C.malloc moves the memory out of the GC’s jurisdiction, at the cost of you being responsible for free yourself, with Go’s memory safety no longer holding on this block. cgo.Handle (introduced in Go 1.17) is more elegant: it does not expose the pointer to C but gives C an opaque integer token, while the Go side maintains the mapping from token to object. This lets C “reference for the long term” a Go object without violating any pointer rule. If all you need is to pin a block of Go memory during a single call to prevent the GC from moving it, runtime.Pinner (introduced in Go 1.21) is the lighter choice.

15.6.6 When to Use It, When to Route Around It

Let us gather the trade-offs of the preceding sections into a decision table:

Scenario	Leaning	Reason
Reuse a mature, large C library (such as SQLite, libgit2, a video codec)	Use cgo	The cost of rewriting far outweighs the crossing overhead, and the calls are coarse-grained
Occasionally calling a system-level C API once	Use cgo	Calls are sparse, the fixed overhead can be amortized
A fine-grained loop in a performance hot spot	Route around it	The crossing overhead drowns the benefit; consider a pure Go rewrite or sinking the whole loop into C
Pursuing static linking, cross-platform cross-compilation, fast builds	Route around it	cgo takes away these three toolchain features (see 15.6.4)
High concurrency where C calls may block	Be cautious	Each blocking call ties up a thread, and the thread count balloons easily

A plain rule of thumb: first ask whether you can avoid cgo. Many capabilities in the Go ecosystem that were once implemented with C libraries now have mature pure Go alternatives (database drivers, compression, encryption, and image processing often have pure Go implementations), and using them preserves the properties of the entire toolchain. Only when the value of the C library is truly irreplaceable and the call pattern is naturally coarse-grained is the toll for crossing the bridge worth paying.

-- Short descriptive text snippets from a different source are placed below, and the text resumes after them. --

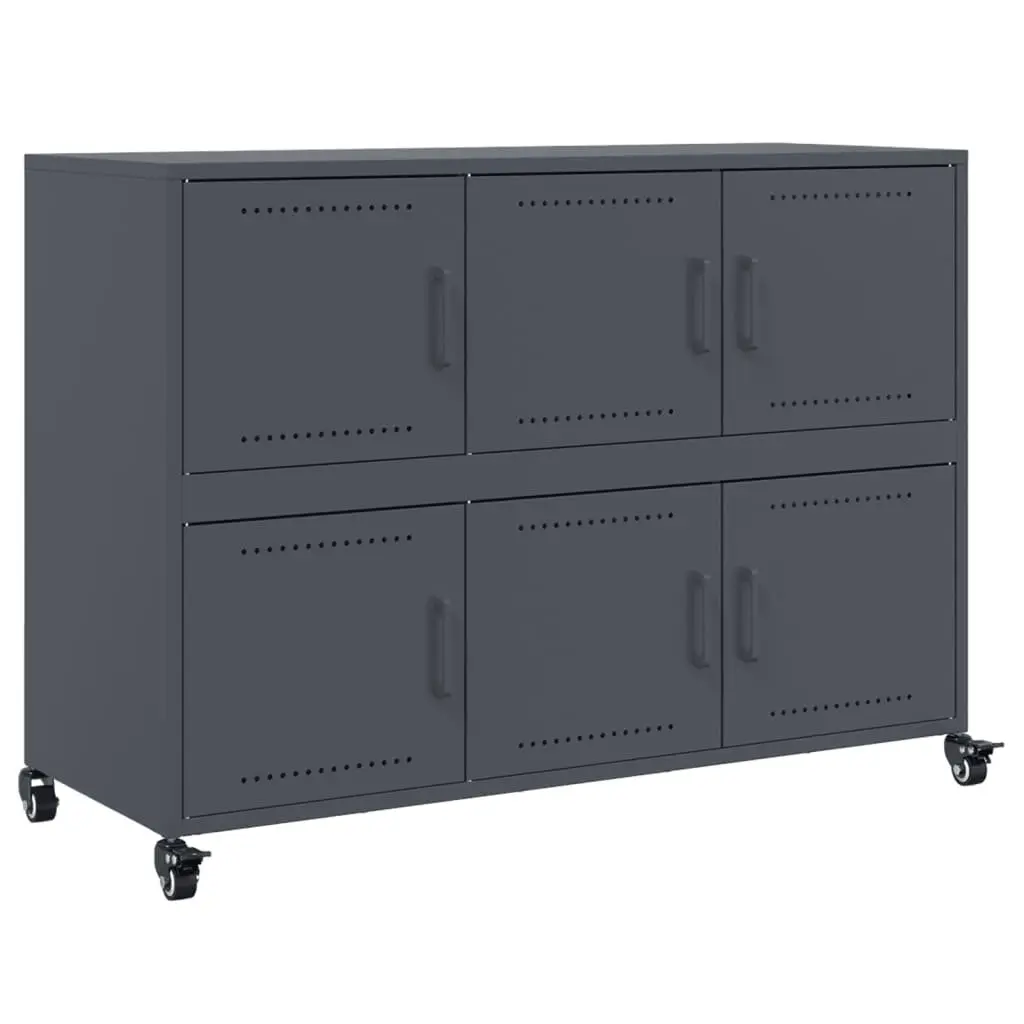 Anthracite Sideboard Storage Cabinet with Wheels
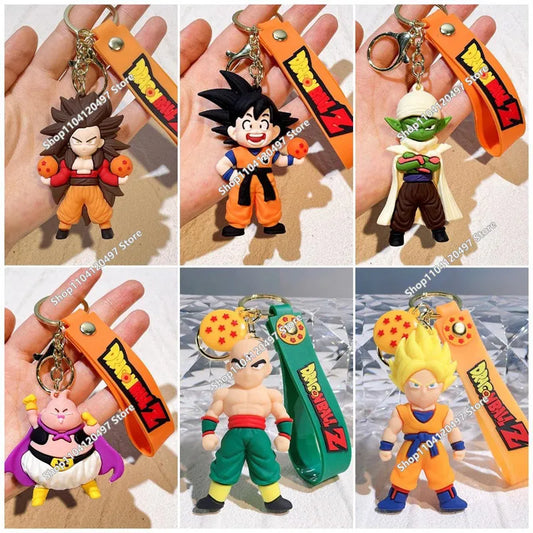 Portachiavi con statuette di Goku e guerrieri Dragon Ball Z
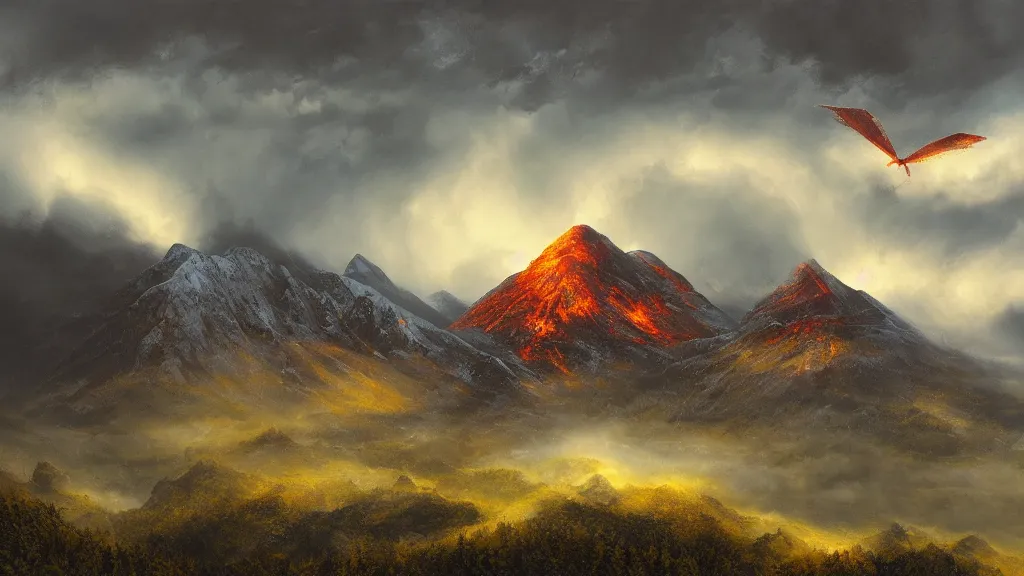 Prompt: a cinematic landscape photograph of a mountains peak in the clouds, a fiery dragon flys in the sky, thunder and lightning, lee madgwick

cgo, like escape analysis (15.5) and the pointer checker (15.4), is a controlled opening that the compiler and runtime collaborate to cut in Go’s safety boundary. It sews the world of Go together with the world of C, and every stitch at the seam is a cost: of performance, of memory safety, of engineering. Only by understanding where these costs come from can you judge whether this opening is worth cutting, and how wide.